* Exercise goal: Return the records that follow, matching each one exactly.

* Data records:
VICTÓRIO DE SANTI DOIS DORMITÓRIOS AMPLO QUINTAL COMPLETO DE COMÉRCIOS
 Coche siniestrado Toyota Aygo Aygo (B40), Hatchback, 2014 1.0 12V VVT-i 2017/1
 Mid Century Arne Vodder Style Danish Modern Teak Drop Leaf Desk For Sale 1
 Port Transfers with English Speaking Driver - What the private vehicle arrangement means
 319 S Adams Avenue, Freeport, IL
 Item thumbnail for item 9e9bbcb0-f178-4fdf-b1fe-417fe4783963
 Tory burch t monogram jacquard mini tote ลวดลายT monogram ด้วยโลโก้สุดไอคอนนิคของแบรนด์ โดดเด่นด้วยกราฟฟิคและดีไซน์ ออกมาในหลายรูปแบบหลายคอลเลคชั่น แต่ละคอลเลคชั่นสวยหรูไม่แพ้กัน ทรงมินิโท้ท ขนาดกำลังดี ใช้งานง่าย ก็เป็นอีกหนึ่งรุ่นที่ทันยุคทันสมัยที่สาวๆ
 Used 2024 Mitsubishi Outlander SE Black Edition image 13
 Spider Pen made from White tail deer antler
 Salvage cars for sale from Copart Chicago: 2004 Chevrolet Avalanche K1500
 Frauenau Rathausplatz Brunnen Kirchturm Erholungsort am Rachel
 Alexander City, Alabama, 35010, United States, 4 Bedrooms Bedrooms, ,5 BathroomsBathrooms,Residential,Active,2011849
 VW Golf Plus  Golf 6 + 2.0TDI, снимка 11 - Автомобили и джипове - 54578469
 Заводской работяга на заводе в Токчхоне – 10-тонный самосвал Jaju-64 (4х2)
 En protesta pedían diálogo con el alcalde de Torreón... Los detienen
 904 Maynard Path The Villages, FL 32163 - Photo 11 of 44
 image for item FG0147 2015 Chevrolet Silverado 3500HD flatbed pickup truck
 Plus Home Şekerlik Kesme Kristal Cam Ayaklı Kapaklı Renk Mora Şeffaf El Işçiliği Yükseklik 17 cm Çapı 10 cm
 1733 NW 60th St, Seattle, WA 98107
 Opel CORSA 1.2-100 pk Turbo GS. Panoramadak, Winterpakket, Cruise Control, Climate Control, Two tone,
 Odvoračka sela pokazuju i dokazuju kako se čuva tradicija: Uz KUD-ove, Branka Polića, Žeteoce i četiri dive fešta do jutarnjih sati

* Solved exercise:
VICTÓRIO DE SANTI DOIS DORMITÓRIOS AMPLO QUINTAL COMPLETO DE COMÉRCIOS
 Coche siniestrado Toyota Aygo Aygo (B40), Hatchback, 2014 1.0 12V VVT-i 2017/1
 Mid Century Arne Vodder Style Danish Modern Teak Drop Leaf Desk For Sale 1
 Port Transfers with English Speaking Driver - What the private vehicle arrangement means
 319 S Adams Avenue, Freeport, IL
 Item thumbnail for item 9e9bbcb0-f178-4fdf-b1fe-417fe4783963
 Tory burch t monogram jacquard mini tote ลวดลายT monogram ด้วยโลโก้สุดไอคอนนิคของแบรนด์ โดดเด่นด้วยกราฟฟิคและดีไซน์ ออกมาในหลายรูปแบบหลายคอลเลคชั่น แต่ละคอลเลคชั่นสวยหรูไม่แพ้กัน ทรงมินิโท้ท ขนาดกำลังดี ใช้งานง่าย ก็เป็นอีกหนึ่งรุ่นที่ทันยุคทันสมัยที่สาวๆ
 Used 2024 Mitsubishi Outlander SE Black Edition image 13
 Spider Pen made from White tail deer antler
 Salvage cars for sale from Copart Chicago: 2004 Chevrolet Avalanche K1500
 Frauenau Rathausplatz Brunnen Kirchturm Erholungsort am Rachel
 Alexander City, Alabama, 35010, United States, 4 Bedrooms Bedrooms, ,5 BathroomsBathrooms,Residential,Active,2011849
 VW Golf Plus  Golf 6 + 2.0TDI, снимка 11 - Автомобили и джипове - 54578469
 Заводской работяга на заводе в Токчхоне – 10-тонный самосвал Jaju-64 (4х2)
 En protesta pedían diálogo con el alcalde de Torreón... Los detienen
 904 Maynard Path The Villages, FL 32163 - Photo 11 of 44
 image for item FG0147 2015 Chevrolet Silverado 3500HD flatbed pickup truck
 Plus Home Şekerlik Kesme Kristal Cam Ayaklı Kapaklı Renk Mora Şeffaf El Işçiliği Yükseklik 17 cm Çapı 10 cm
 1733 NW 60th St, Seattle, WA 98107
 Opel CORSA 1.2-100 pk Turbo GS. Panoramadak, Winterpakket, Cruise Control, Climate Control, Two tone,
 Odvoračka sela pokazuju i dokazuju kako se čuva tradicija: Uz KUD-ove, Branka Polića, Žeteoce i četiri dive fešta do jutarnjih sati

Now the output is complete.